Activity – Return every line below as is, leaving out the pictures.

Data supplied –
Start of Block
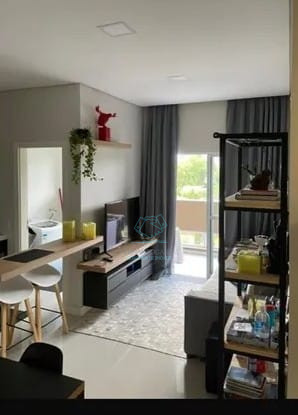 Apartamento com 2 Suítes no Santo Antônio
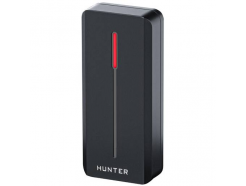 Считыватель бесконтактный HUNTER HN-202RF black, RFID, Wiegand 26/34, IP68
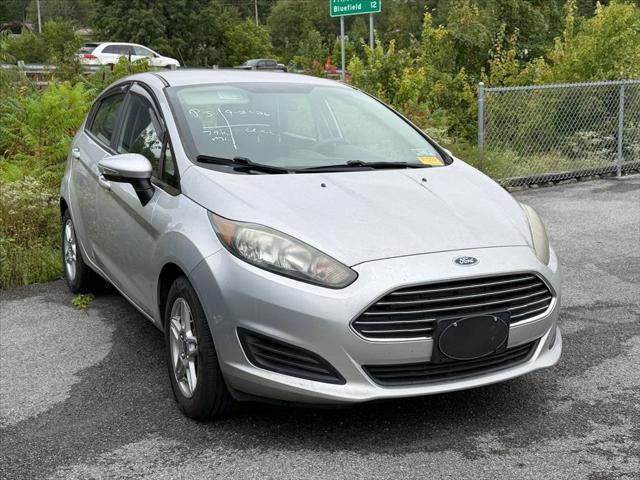 2017 Ford Fiesta - $8,415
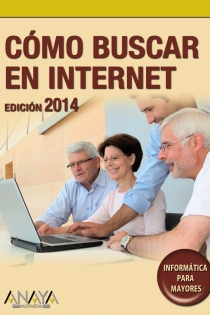 Portada del libro: Cómo buscar en Internet. Edición 2014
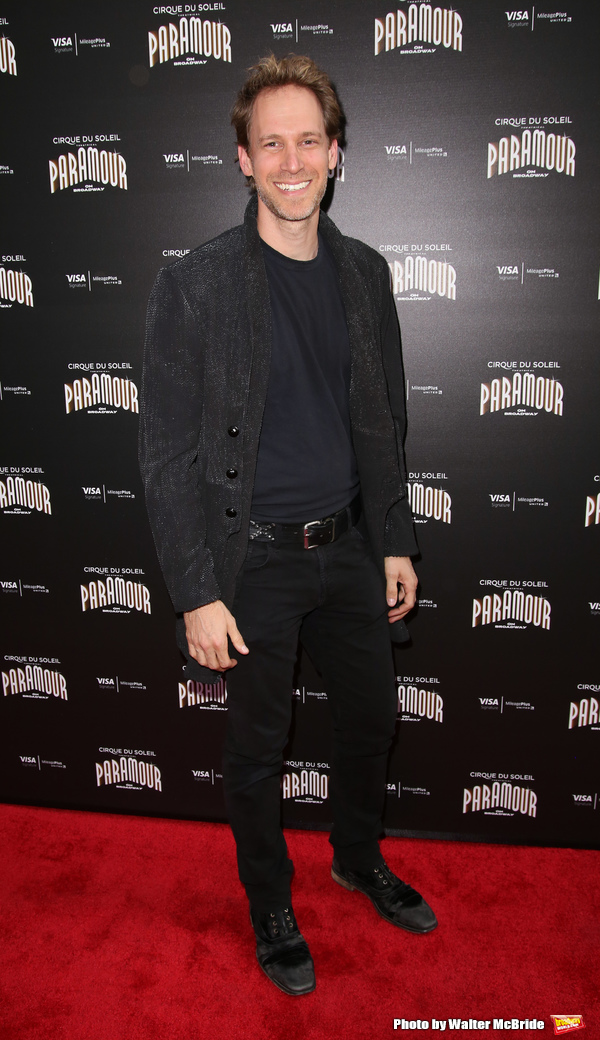 Photo Coverage: On the Carpet for Opening Night of Cirque du Soleil's PARAMOUR! Image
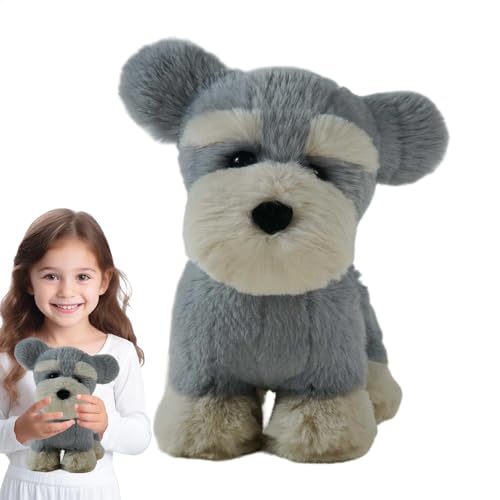 Dog Stuffed Animal, Puppy Stuffed Toy, Children's Plush Toy, Soft Dog Plush, Cute Stuffed Puppy, Kids Plush Animal, Soft Puppy Toy, Plush Dog Toy, Stuffed Animal For Girls, Soft Dog Plush Toy, von Générique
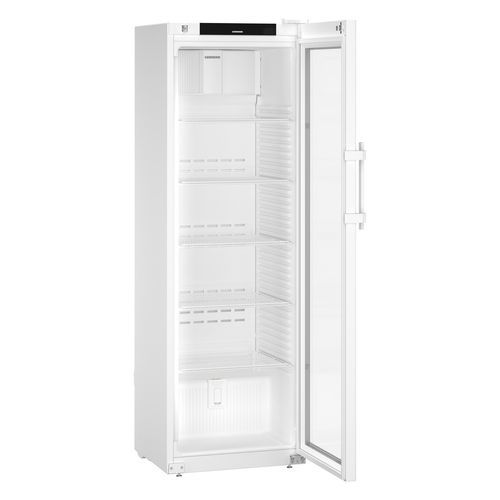 Frigorifero per applicazioni farmaceutiche - HMFvh 4011 series - Liebherr Research and Laboratories - da laboratorio / verticale / 1 porta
End of Block
Result for this task –
 Apartamento com 2 Suítes no Santo Antônio
 Считыватель бесконтактный HUNTER HN-202RF black, RFID, Wiegand 26/34, IP68
 2017 Ford Fiesta - $8,415
 Portada del libro: Cómo buscar en Internet. Edición 2014
 Photo Coverage: On the Carpet for Opening Night of Cirque du Soleil's PARAMOUR! Image
 Dog Stuffed Animal, Puppy Stuffed Toy, Children's Plush Toy, Soft Dog Plush, Cute Stuffed Puppy, Kids Plush Animal, Soft Puppy Toy, Plush Dog Toy, Stuffed Animal For Girls, Soft Dog Plush Toy, von Générique
 Frigorifero per applicazioni farmaceutiche - HMFvh 4011 series - Liebherr Research and Laboratories - da laboratorio / verticale / 1 porta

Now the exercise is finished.